Hours Worked Versus Hours on the Clock

Thoughts on measuring how much of an employee's workday consists of actual work in the real world of the shop floor. November 5, 2013

Question
Can anyone, in easy to understand lingo, explain how they got to 45-55 or 65 an hour? I used the monthly numbers of everything together and divided it by 4 shop guys at 160 hours per month and came up with 46.75. Does this seem right?

Forum Responses
(Business and Management Forum)
From contributor T:
Is that your billing rate for each, individual employee? (All 4 on a job together would be $187 per hour?)



From contributor O:
Sounds reasonable - your wages and overhead may be on the lower end of the spectrum. Did you include profit?


From contributor P:
Make sure that you put in every little thing it cost you in overhead, even replacement cost of your equipment, shop and office supplies. Also things like what your financial goals are for future expansion.

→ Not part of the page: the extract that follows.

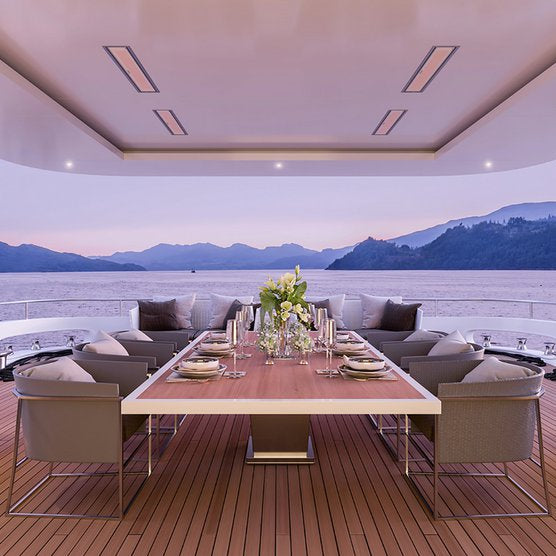 Luxurious yacht dining area with Bromic Platinum 2300w electric heaters installed overhead, offering warmth and comfort against the scenic backdrop of a serene mountainous shoreline at dusk.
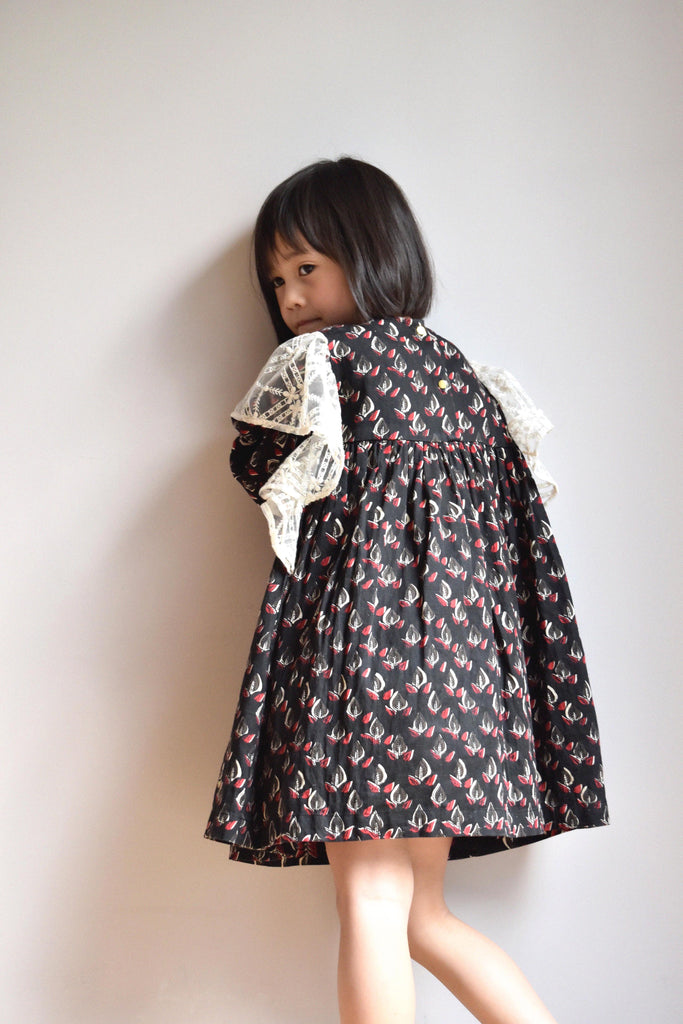 lulaland Fall No.15 Mirage collection. Girl wearing a black ruffled dress with leafy print and lace ruffles. Organic girl's clothes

Plus you get 5.5 hrs of work from an 8 hour day from an average employee, so you have to adjust for that loss. The area that you are in and your competition may also make you adjust your overhead. If your area will pay out an average of $45.00 per hour and you're at $65.00 doing the same type of work, good luck getting it.




From contributor J:
Contributor P, I'm not debating it, but I'm curious where you get the figure for actual hours of work from an employee.


From contributor L:
I don't know how he got there, but I do know you won't get 40 hours work out of 40 hours pay! Cleanup, maintenance, head scratching, training... Do you charge the same rate for bench work as CNC, bander, etc.? A router can eat up $100 a day in tooling easily. Cutting pre-lam? There goes $200/day (3 piece $70 tools + periodic boring bits, etc.) Life of numerical controlled machines? 8-10 years?


From contributor P:
I got those figures from the SBA here in IL for manufacturing. The 5.5 is just an average and can vary depending on your employees. This is why big companies watch their time so close, because it can multiply into large loss of revenue. Try tracking your guys and see how close it comes to 8 hours. You have to do this for a month to get a good average.


From contributor L:
Try using this form. The grid lines didn't come through, but you can tell where they go. The columns are: operator, working, idle, missing, talking, other, notes.

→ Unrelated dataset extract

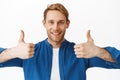 Close up of satisfied happy guy shows thumbs up and smiles, praise something good, excellent job, compliment your effort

Summation is at bottom of page:
Total
% Of Total
Date _______________ Time: _______________ By: _______________
Work Sampling Study
Procedure: Walk through the plant. Looking at the floor, look up and observe what is happening at that instant at that work station, record it (check mark). Do this over a 20-sample exercise in 2 or 3 days. Compile the % of time each employee is engaged in each activity. Very revealing and a good tool to use for evaluations especially if itís done over several months.